Baby Garden

I’ve spent my previous two posts focusing on my beloved flowers, most of which are currently living in pots. If I just pop a few happily blooming flowers into a pot, voila–I have an instant mini-garden! There are few things more gratifying than maximum beauty for minimum labor.

The main garden, alas, is another affair. As in previous years, the space allotted for it rivals the gardens of my Amish neighbors.
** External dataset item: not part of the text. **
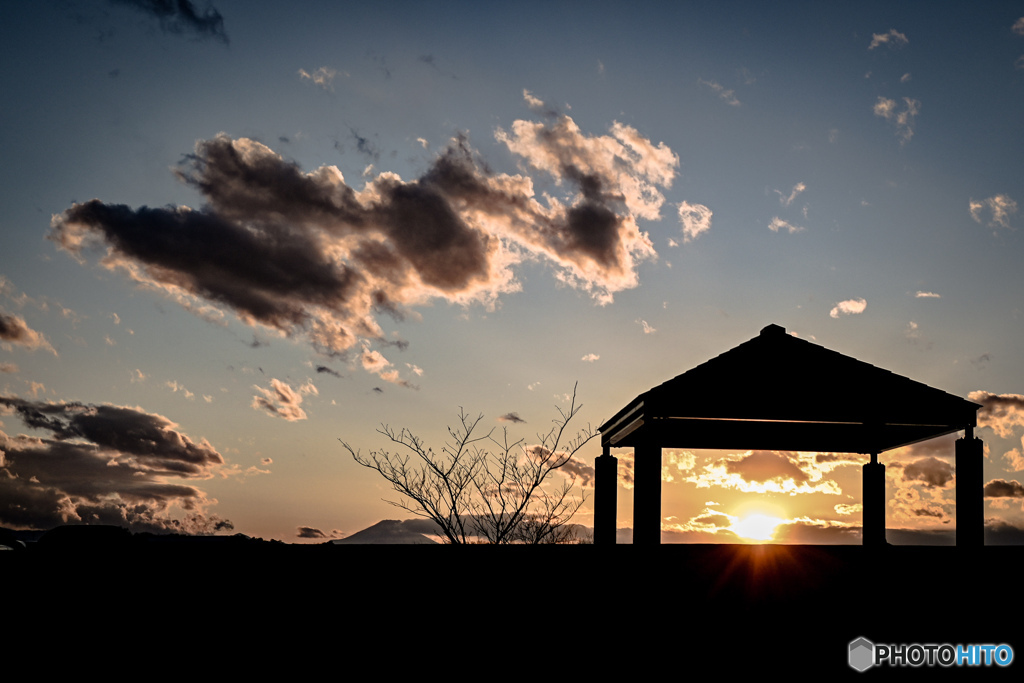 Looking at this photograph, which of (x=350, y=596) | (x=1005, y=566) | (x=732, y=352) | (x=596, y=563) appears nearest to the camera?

However, unlike them, almost half of it is now given over to the Wild Garden, site of a Darwinian struggle for survival among many of the toughest plants on the block. (Comfrey, Jerusalem artichoke, lovage, tansy, and aronia are just a few of the contenders.)

Despite the intense competition, the Wild Garden is already lush and vibrant.


A partial view of the Wild Garden, which I like to think of as a wildlife refuge

Unfortunately, the same can’t be said of the vegetable garden. After hours of planting, weeding, and mulching, it’s starting to resemble a garden. Kind of. But the plants are still puny, and my garden looks like its major crop is going to be dirt.




Two views of the baby garden

I’m hoping that when my baby vegetable garden becomes a teenager, it will look a little more like the Wild Garden. But not too much–I’d rather harvest my vegetables than forage for them.

Yes, I love my potted flowers. But the demanding, unruly garden has its charms as well.


One comment

  1. Cultivated or wild, both gardens are beautiful in their own way, sort of metaphor for life in general – ha!